The grant from the Federal Emergency Management Agency and Homeland Security will pay 75 percent of the cost of two firefighters for two years with the city required to cover the remaining 25 percent. In the third and final year the grant covers 35 percent of the cost and the city 65 percent.

The city, in accepting the money, cannot reduce staffing levels over the three year period the grant deal is in effect.

By then growth in property tax and sales tax revenue is expected to allow the city to cover 100 percent of the cost of the two positions.

It is the third time the city secured a federal SAFE grant to hire firefighters. The last time was in 2016 when six firefighters were hired. There was also a grant to fund additional firefighters the city obtained in 2002.

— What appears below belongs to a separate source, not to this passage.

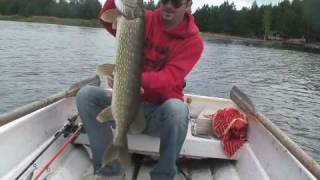 preview picture of video 'Pike fishing in Finland  -Summer pikes'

The SAFE grant allowing the station to open with nine firefighters is a significant development given it will mark the first time since the 1960s the City of Manteca will open an expansion fire station that will be fully staffed from the first day.

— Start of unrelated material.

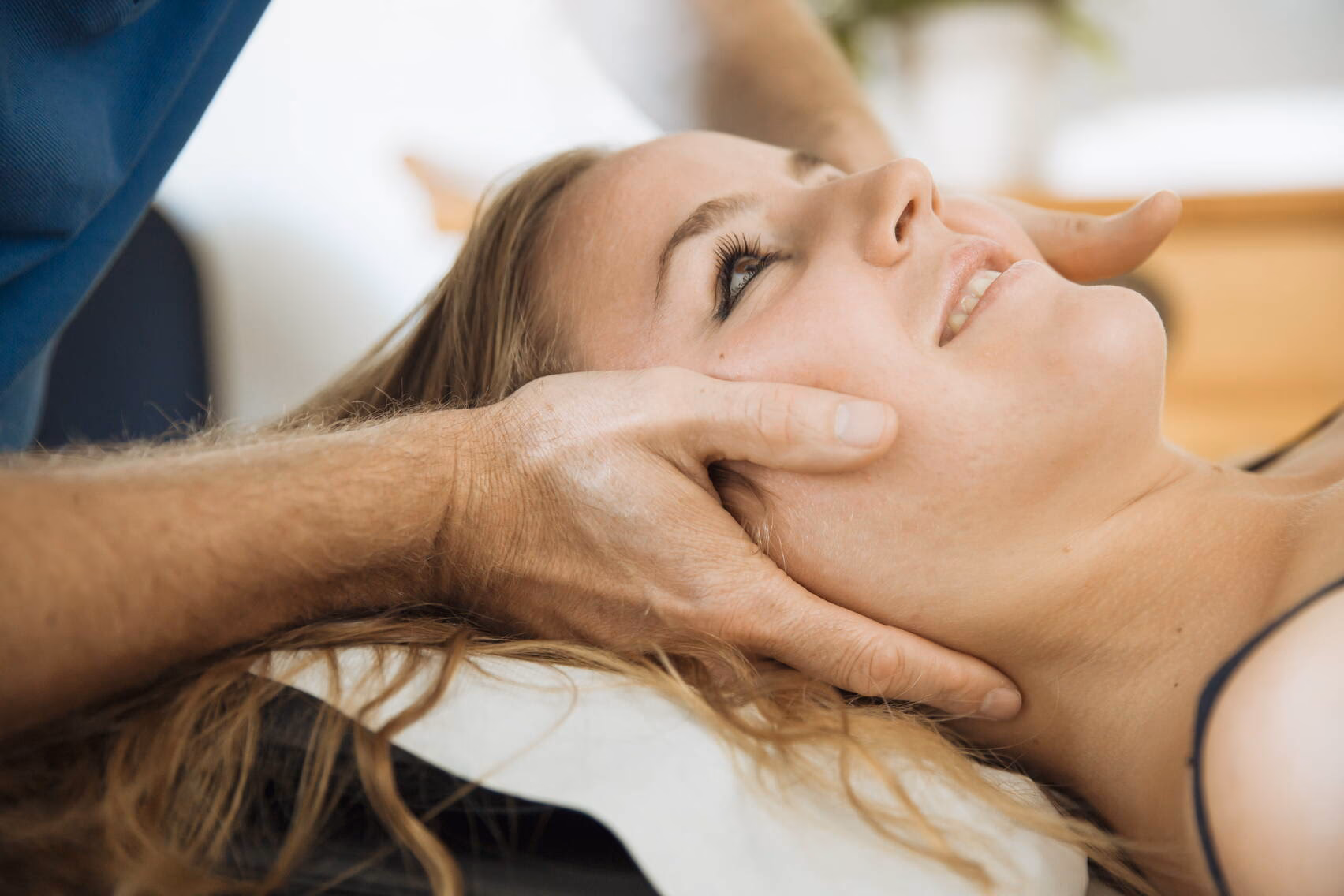 Was tun bei Knackgeräusche im Rücken?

The Louise Avenue station sat vacant for a year after it was completed in the mid-1980s due to fiscal issues that left the city with just over a $1,200 general fund reserve and unable to hire additional firefighters.

When the Union Road station opened in 2002 it was a replacement for the Center Street station allowing firefighting staffing to be shifted.

The Lathrop Road station by Del Webb at Woodbridge opened earlier this decade short staffed. The station operated for close to two years with some shifts having two firefighters. That meant only a rescue unit could respond from the station for some shifts instead of a three-man fire engine.

To illustrate how far the city has come since the mid-1980s when they had a general fund reserve and were unable to keep up with growth that resulted in a fire station being completed that couldn’t be staffed due to a $1,200 general fund reserve, Manteca is set to open its fifth station fully staffed and equipped with the equivalent of 25 percent ($13.3 million) of the $45.4 million general fund in reserve.

The city last month placed an order for a new $600,000 plus fire engine for the station. The engine is being paid for from the public safety endowment fund that was set up by special fees collapsed into the price of more than 1,900 homes built in Del Webb at Woodbridge and Union Ranch in north Manteca.

Due to the length of time to build and equip a new fire engine, Manteca isn’t anticipating taking delivery until several months or so after the station opens. Until then, one of the department’s backup fire engines will be assigned to the station.